▶ **DATASET SECTION**:
»»

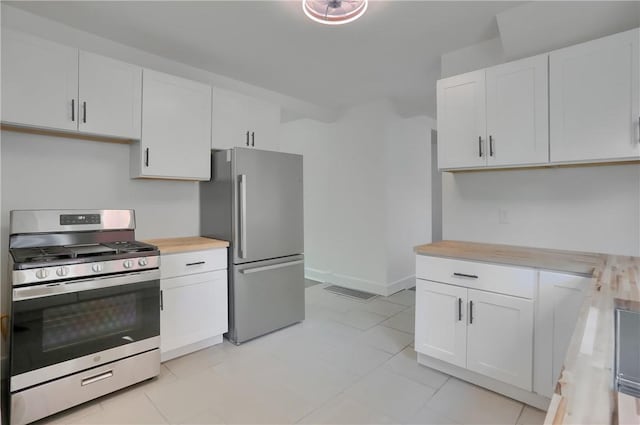 1311 Irwin St, Aliquippa, PA 15001 - kitchen featuring appliances with stainless steel finishes and white cabinetry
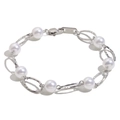 Elegant 18K gold plated stainless steel bracelet with white pearls on a white background - Imitation Pearl Bracelet - Silver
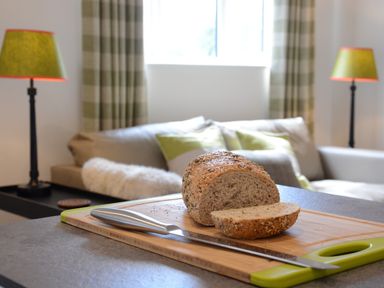 A kitchen counter with a cutting board holding a partially sliced loaf of seeded bread and a knife with a living room and two lamps in the background at Carriage House Bruisyard Near Framlingham
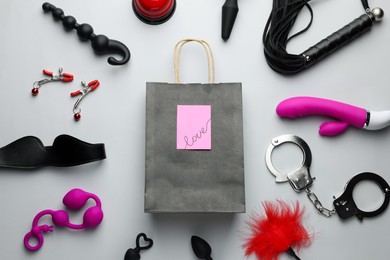 Photo of Flat lay composition with different sex toys and paper shopping bag on white background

««

▶ **WHAT YOU HAVE TO DO**: Give again, exactly, the lines from the start of the data through the one holding "Elegant 18K gold"; omit the pictures.

▶ **ANSWER BELOW**:
 1311 Irwin St, Aliquippa, PA 15001 - kitchen featuring appliances with stainless steel finishes and white cabinetry
 Elegant 18K gold plated stainless steel bracelet with white pearls on a white background - Imitation Pearl Bracelet - Silver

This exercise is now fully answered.